NCT number NCT04339036
Other study ID # 833304
Secondary ID
Status Recruiting
Phase Phase 2
First received
Last updated
Start date October 7, 2021
Est. completion date May 1, 2026

Study information

Verified date December 2023
Source Abramson Cancer Center at Penn Medicine
Contact Michael Soulen, MD
Phone 855-216-0098
Email michael.soulen@pennmedicine.upenn.edu
Is FDA regulated No
Health authority
Study type Interventional

Clinical Trial Summary

This is a Phase 2 evaluation of hepatic-progression free survival among patients with Grade 2 liver-dominant NET metastases undergoing combination therapy with CapTem and Y90 radioembolization.The hypothesis is to confirm safety and to assess if disease control is improved relative to expectation from either therapy alone.


Description:

Patients with liver-dominant Grade 2 NET metastases from any primary will start CapTem and undergo simulation angiography for radioembolization planning during the first cycle.
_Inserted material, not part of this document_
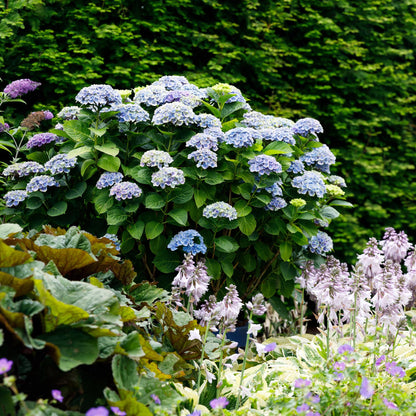 Balkon-Hortensie Magical Revolution Blue – 2 Pflanzen – 6–10 Blüten – Ø23 cm Topf – Höhe ca. 55 cm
If they tolerate CapTem and are not excluded from radioembolization, then TARE will be performed on Day 7 of Cycle 2, with additional TARE of Day 7 of cycle 3 or 4 as needed to treat the entire tumor burden. Patients will remain on CapTem until progression or intolerance. Primary outcome measure is hepatic progression-free survival.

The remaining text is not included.